The next day I go through the motions of getting ready and head to my appointment with a close friend.
“So basically you’re going to go and get felt up. Awesome.”
I shoot him a look of disdain before I surrender a grudging giggle.
At the doctor’s the vibe is the same that it always is and this pleasantly surprises me. There is no minor 7th strumming or morose piano soundtrack in my head either. Ok. So far so good. One step at a time.
We review my health history, family history, and my breast history.
Have I noticed any puckering, soreness, redness, itching?
Is it one breast or both?
Have I noticed any fluids expressing and from where?

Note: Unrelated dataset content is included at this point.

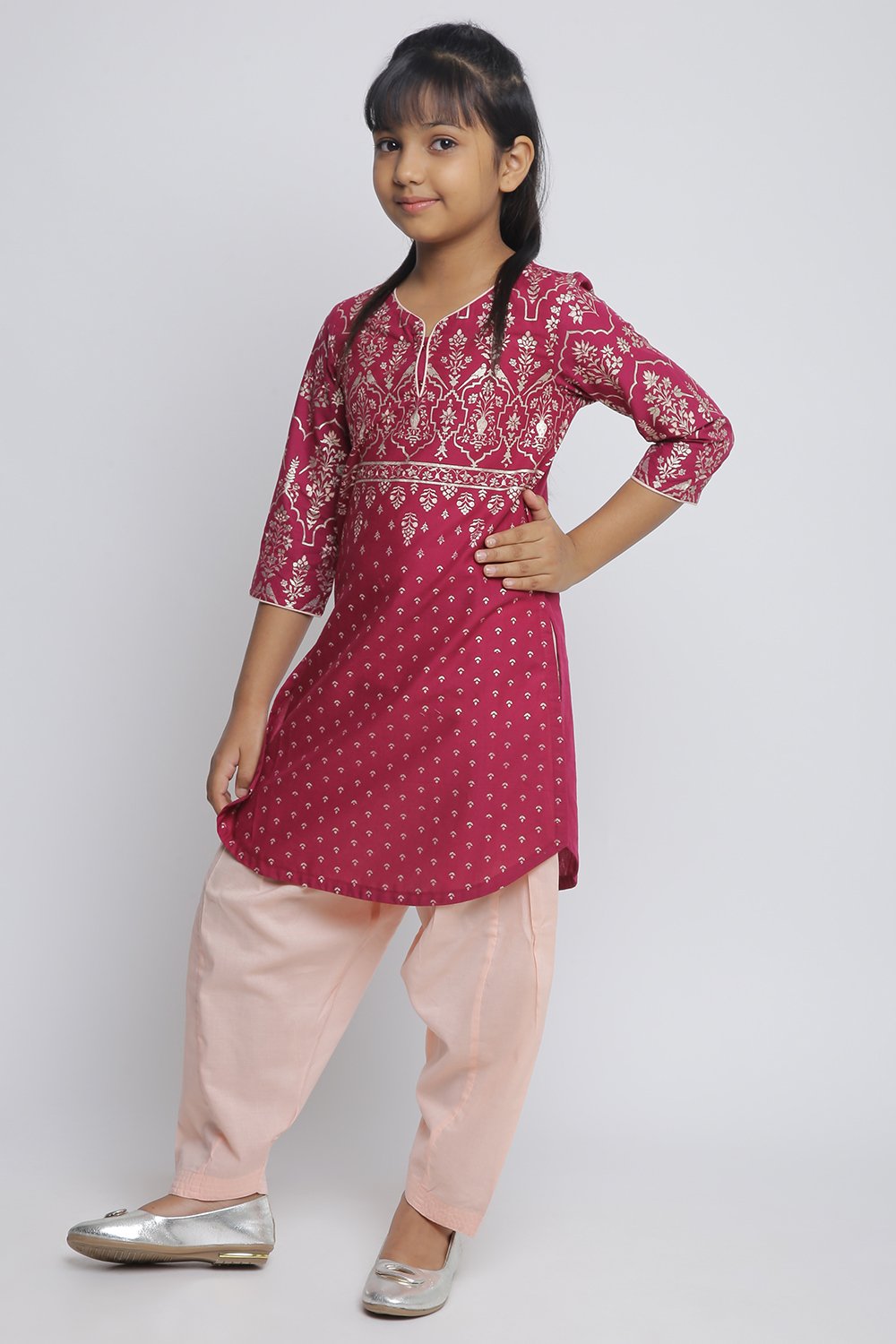 Blue and White Cotton Printed Straight Suit Set image number 3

Have I been breastfeeding?
When did I stop?
When was my last period?
These are typical questions and I’m answering them the best I can. I don’t know what the ‘right’ answers are though. It briefly occurs to me that doctors would make excellent poker players. I haven’t been able to read her face or reactions at all.
“So I’m just going to do a quick check…my hands might be cold.”
They are. But they’re also smooth and dry. I briefly think about being ‘felt up’ and have to suppress a juvenile smirk.
Then, all of a sudden, I’m holding a requisition for an ultrasound and reading her elegant scrawl.
“Report small mass in left breast. Under nipple. Lower part of breast. Fibrocystic tissue.”
I really didn’t want to see that.
By the time I finally go to the ultrasound, the lump has consumed my every waking thought.
I’m strangely superstitious. I haven’t talked about it with anyone except for 4 of my friends. Weirdly, it’s reminding me of those first few well-guarded weeks of pregnancy where it feels like somehow silence can shelter you from any harm or miscarriage. Or in this case, cancer.
I think about expanding my support base, but then realize I can’t deal with any more attention or questions.
Also, it’s going to be nothing. Right?